And the extent to which electric vehicles are green also depends, of course, on how green their manufacture and the generation of their power is. Our electricity, still mostly produced by burning a lot of imported coal and gas, is considerably greener than burning a lot of imported refined oil, but it’s not green enough to avert catastrophe if we don’t decarbonise it in the next couple of decades — a project that is already way behind schedule. Even when we do decarbonise, the more we rely on electricity, the more dams, barrages, wind turbines, nuclear plants, and, least welcome of all, pylons we need to accommodate.
Of course, carbon is the only thing that matters about transport, right? When I worked in a London office I would enjoy many a fun argument about people who chose to drive in London: “ah, but somebody who drives a little hatchback back and forth in zone 1 & 2 might have a smaller carbon footprint than somebody who commutes from Brighton or Bath by train every day.”**
Even if electric vehicles did solve the carbon problem, they would solve none of the others associated with car use — the nascent sedentary-lifestyle-related public health crises, the ongoing road danger scandal, the waste of urban land and spoiling of urban environment, the deleterious development patterns that exist in symbiosis with car dependency. EVs do admittedly have one less method of directly producing air pollution. Problems that can all be solved by shifting shifting journeys to active transport.
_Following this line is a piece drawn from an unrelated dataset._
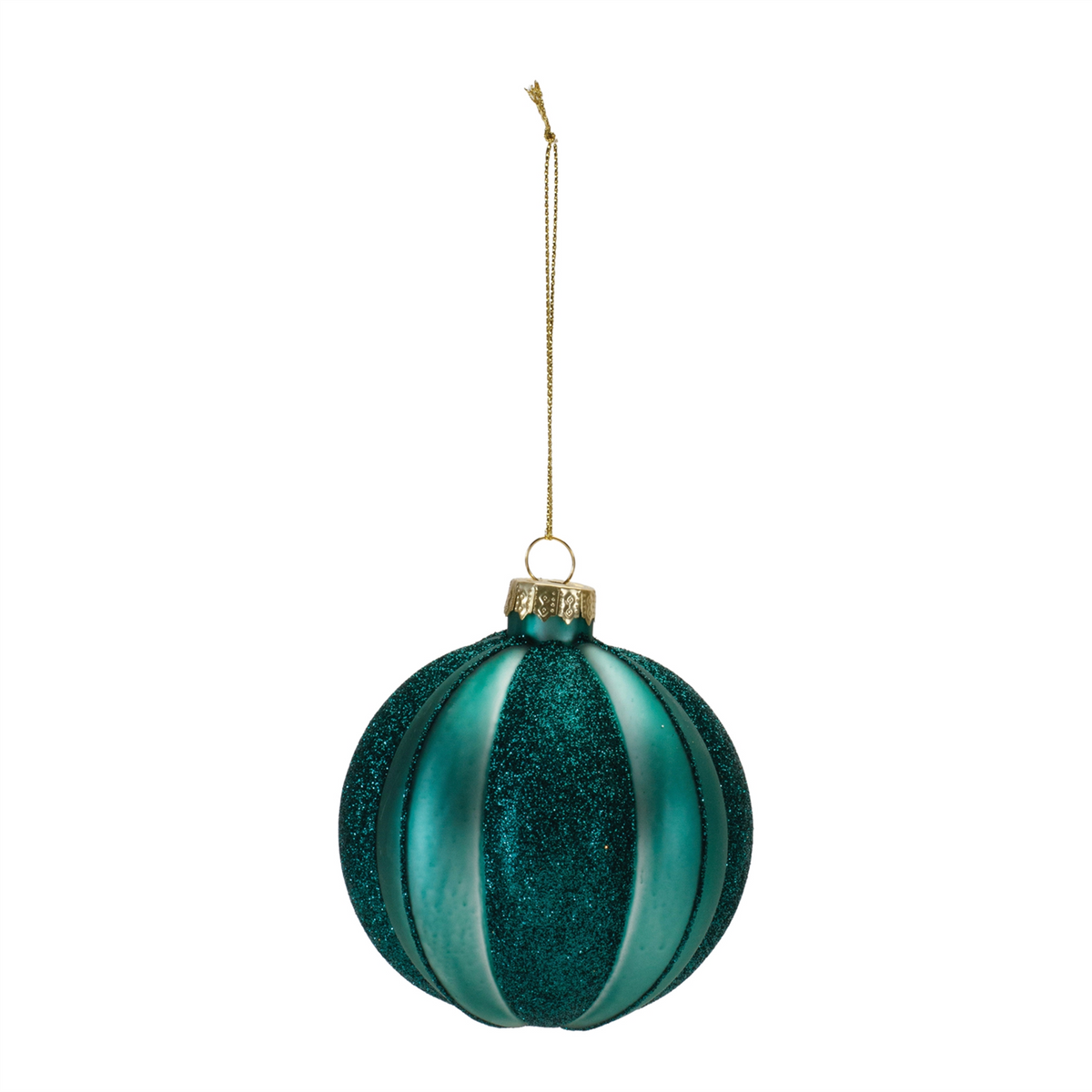 Glittered Glass Ball Ornament (Set of 12) -Ship Only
Active transport remains suppressed by political policy. The lack of support for the types of interventions that are proven to work at enabling journeys to be switched to being made by bicycle; and the continuing policies that prioritise the motor vehicle and prevent pedestrian and bicycle-friendly streets, as epitomised by Blackfriars Bridge, amount to government suppression of cycling and walking.
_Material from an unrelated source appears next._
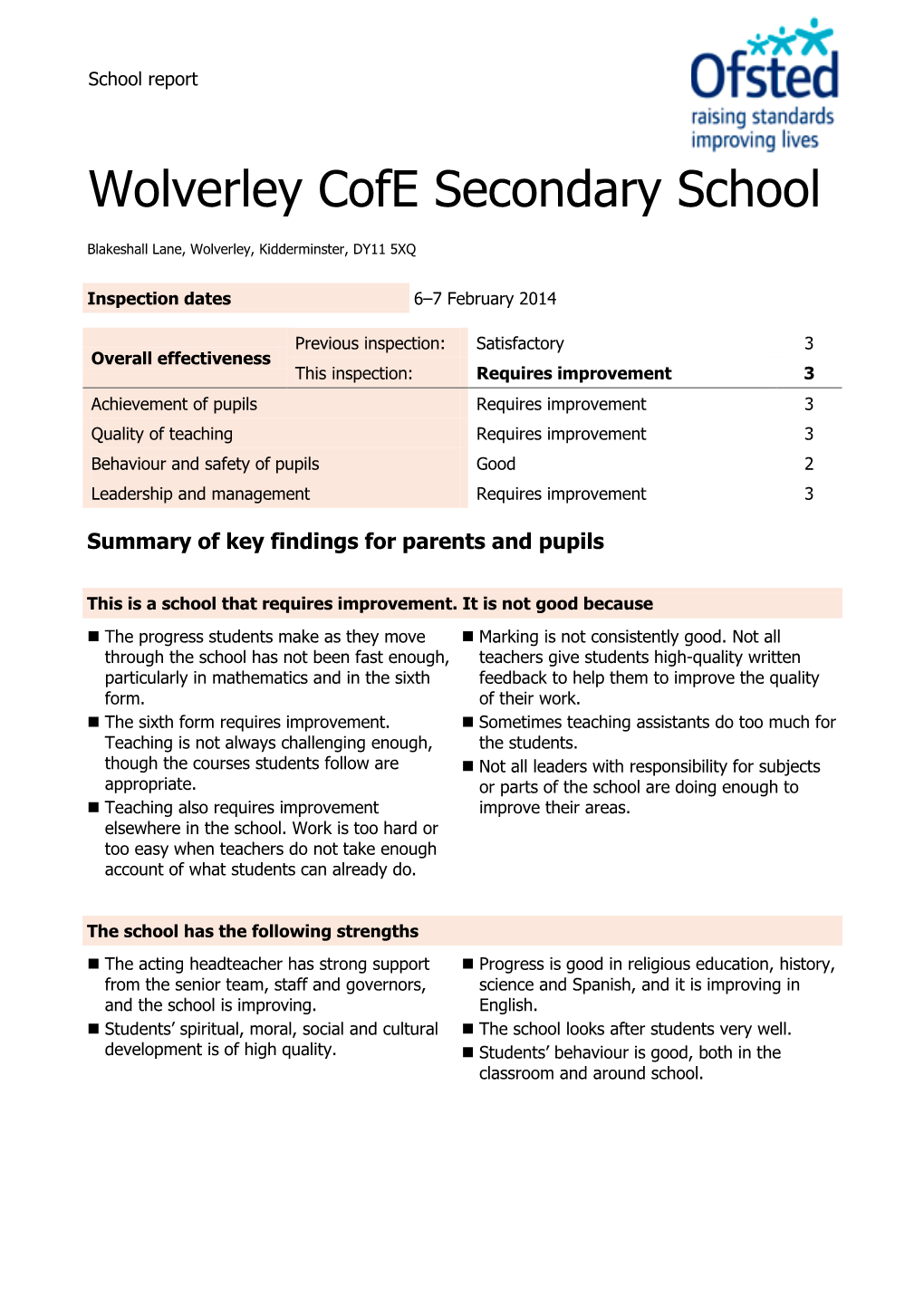 Wolverley Cofe Secondary School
If we are to meet our carbon deadlines — not “targets”, deadlines — we need a plan that would, by 2030, tear down the barriers that all over the country are preventing people cycling. That is, primarily, the environment. Most people will never cycle on the streets as they are now. We must change the streets, and we haven’t got time to faff around about it.
It’s not like Philip Hammond has any other policies to pursue.
(Consider that our cycling mayor, from the party that gave us the greenest ever government, is father of a cycling revolution which he hopes to give London an embarrassing 5% modal share for cycling by 2030 — an achievement that he intends to make at the same time as maintaining motor traffic flow at current level and without any meaningful changes to London’s streets.)
* I’m giving High Speed Rail to Osborne and Danny Alexander, since it’s they who will pull the plug when the time comes.
** Indeed, it is because of these arguments that I spend so much time discussing all of the other problems with motorised road transport and all of the other reasons to support the alternatives, and rarely mention the carbon and climate issue.